Unter den Gefassten sind aber auch bekannte Neonazis. Im sächsischen Hoyerswerda ermittelte die Polizei drei junge Verdächtige, allesamt polizeibekannt, zwei von ihnen mit rechtsextremen Straftaten. Im Berliner Stadtteil Marzahn wurden zwei Männer und eine Frau gefasst, nachdem sie brennende Holzlatten auf Wohncontainer geworfen hatten. Sie gehören zur rechten Hooligan-Szene, nahmen an Demonstrationen gegen das Heim teil.
Auch im brandenburgischen Zossen wurden zwei Bekannte gefasst. Zivilpolizisten beobachten sie bei der Tat. Die Männer hatten drei Container neben der Wand des noch unbewohnten Heims entzündet – und wurden verhaftet. Zwei Neonazis aus dem Kreis, mehrfach mit Straftaten auffällig. Einer von ihnen half im letzten NPD-Wahlkampf. Zwei Wochen vor dem Anschlag war er an einem Angriff von Neonazis auf Gewerkschafter in Thüringen beteiligt.

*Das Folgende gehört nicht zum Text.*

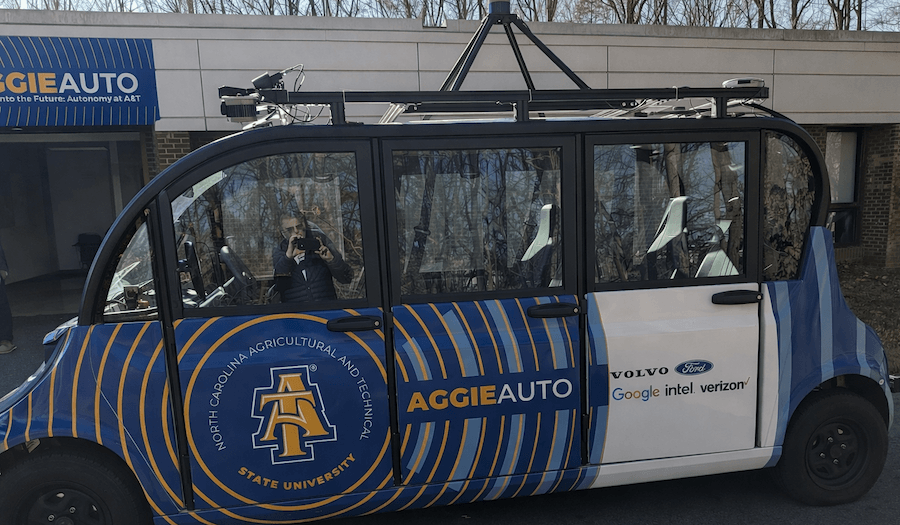 A self driving van in Rockingham County NC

Eine rechtsextreme Struktur hinter den Anschlägen sieht der Verfassungsschutz dennoch nicht. Dafür gebe es keine Hinweise. Linken-Innenexpertin Martina Renner vermutet hinter vielen Anschlägen dagegen „organisierte Neonazis“. Die Täter hätten sich die Gebäude genau angesehen, Fluchtwege ausspioniert und notwendige Brandmittel besorgt – und würden genau deshalb selten erwischt.